How to work wonders with plywood
From substrate to style symbol? Time to appreciate this affordable, sustainable material. Everything you need to know plus the architects using it well.
Perhaps it’s a confluence of the two. After all, for plywood to look beautiful, it needs to be expertly handled. You can’t just slap down a few sheets and roller on cheap varnish. Like minimalism in architecture: to do it properly takes time and extreme attention to detail. But the results can look seriously classy.
Why do I feel as if I'm seeing playwood everywhere at the moment? Certainly all materials and finishes have their fashionable moments, but plywood seems to be resonating very strongly as a material that feels super right for now.
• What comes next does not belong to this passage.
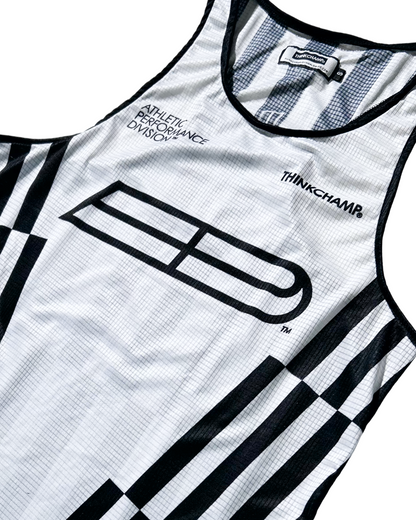 FLAGBOUND RACE SINGLET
I think it ties back to a search for tactility, ergo connection. Whether that's connecting us with nature, with ourselves as sentient beings, or physically to the spaces which surrounds us. After all, today, for many of us, life is increasingly experienced through screens; whether at work or home via computers, tablets, smartphones and TVs, all smooth, glassy and resolutely regular. As a counter to this, I think we literally crave something different to touch, something wobbly, irregular and deeply textural. In other words, surfaces that are as far removed from a de-personalised computer screen as is possible.
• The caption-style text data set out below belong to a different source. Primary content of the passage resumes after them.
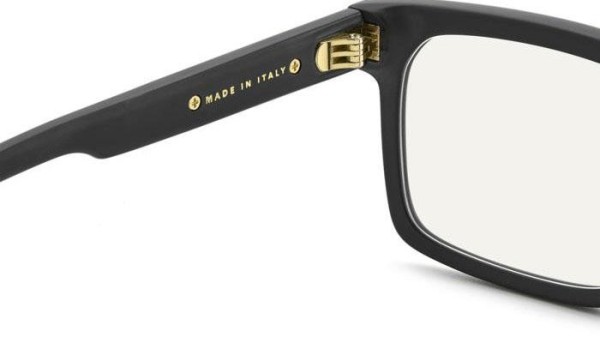 Okulary korekcyjne Carrera VICTORYC11 I46 Kwadratowe Czarne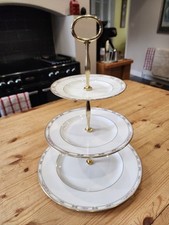 Wedgwood COLCHESTER three tier cake stand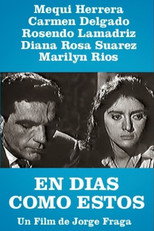 Poster de la película En días como estos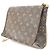 Louis Vuitton Musette Tango Monogram Canvas Braun - Ansicht 3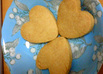 卵黄でサクサク☆プレーンクッキー♪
If we step back a moment to consider the context, then wood has always had an inherent honesty to it. We know where it comes from, we trust it, it weathers well and has a cosy familiarity to it. I'm not sure I've seen a house yet that hasn't included wood in some form or other. It's also tremendously versatile, in that it can speak many different languages: rough and rustic; deep and dark; pale and interesting. And plywood, to my mind, both is, and isn't wood.
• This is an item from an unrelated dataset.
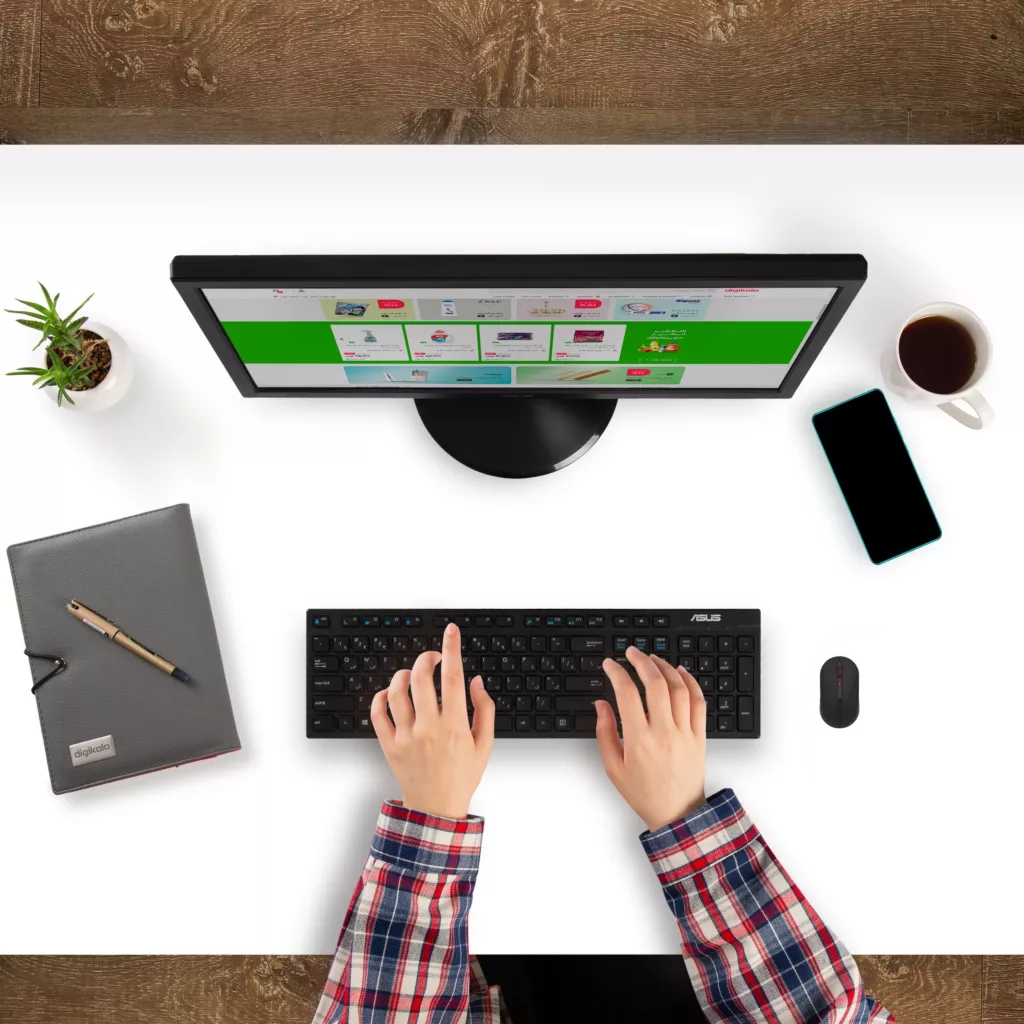 ماوس ام آی آی آی دبلیو مدل MWWM01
To explain: from one perspective it's like super-pimped wood, being composed of layers of wood veneer so it’s exceptionally strong. And did you clock there, it’s made of real wood, which I don’t think people realise. Additionally, plywood can be made from any type of wood, the most popular being a pale birch.
Plywood also looks like a sort of exaggeration of wood, one in which the grain is particularly prominent both across the sheets, and along the edge profile which shows off all the layers. And when architects and interior designers do plywood, it tends to be wholesale, rather than just a little touch, precisely because it's so fantastically adaptable. Whereas wood, generally, within modern urban homes, is usually confined to floors and furniture, plywood can be used everywhere and on practically everything (see FAQ below), and because it's comparatively cheap, creative folk have been able to experiment accordingly.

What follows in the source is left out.